O Santa Marina e a Saint-Gobain vivem disputa judicial desde 2007. O clube ocupava o terreno sem nenhuma documentação, com base no uso histórico da área, até assinar naquele ano um contrato de comodato com a empresa (uma espécie de empréstimo do terreno). A tensão aumentou há quatro anos, entre um pedido de usucapião pelo clube (a aquisição por tempo de uso) e um processo de reintegração de posse (a tomada do terreno pela multinacional).

"Querendo regularizar a situação, [em 2007] o clube se viu pressionado, coagido, e firmou um contrato de comodato com a Saint-Gobain que estabelecia um empréstimo do terreno por dez anos. E a empresa poderia, inclusive, requerer a retomada deste terreno", explica Caio Marcelo Dias, advogado do Santa Marina.

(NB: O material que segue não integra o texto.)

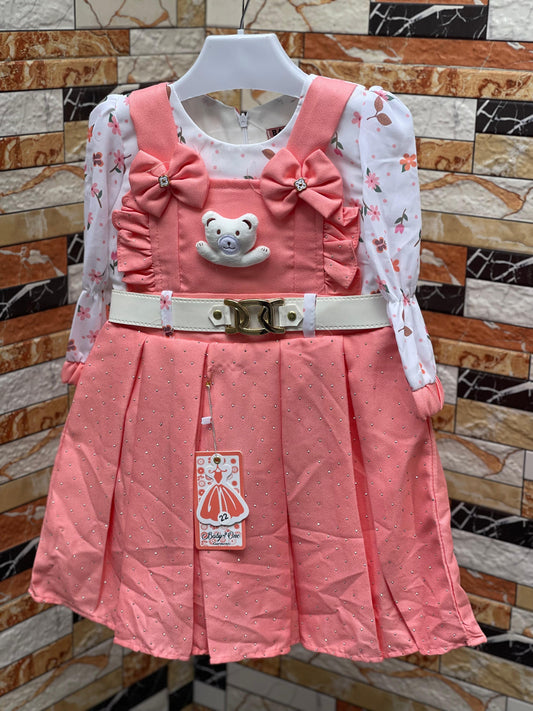 Royal Aura Baby Teddy Bow Dress – Pink Frock with Pajama Set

A partir daí, a situação ficou cada vez mais complexa. O clube entrou com um pedido de usucapião extraordinária (pois ocupa o terreno há mais de 15 anos), que ainda está sendo apreciado pela Justiça. A empresa pediu a reintegração de posse duas vezes: uma foi negada; na outra teve sucesso, e por isso, a 2ª Vara Cível do Fórum da Lapa estabeleceu 120 dias para a desocupação voluntária do terreno. O prazo termina em 7 de agosto.

O clube corre contra o tempo para evitar a reintegração e precisa de uma decisão favorável antes desta data. Há um recurso em vias de ser julgado, e a expectativa é que a decisão saia já na próxima semana para confirmar a reintegração de posse ou derrubar a decisão. Caso sofra nova derrota, o Santa Marina ainda poderia recorrer ao STJ, mas, neste caso, com chances muito menores.

O que diz a Saint-Gobain

Questionado pelo UOL Esporte sobre o que motivou o pedido de reintegração de posse, o Grupo Saint-Gobain afirma que o imóvel ocupado pelo clube "pertence ao grupo".

"A empresa não comenta processos judiciais que estão em curso, contudo, reitera que sempre esteve disponível para o diálogo com o Santa Marina Atlético Clube a fim de encontrarem, em comum acordo, a melhor solução para ambas as partes", diz em nota oficial.

Quanto aos planos para o terreno ocupado pelo clube, a multinacional "acrescenta que, considerando o desenvolvimento dos negócios e suas operações no Brasil, várias possibilidades sobre o futuro do imóvel estão sob análise e estudo".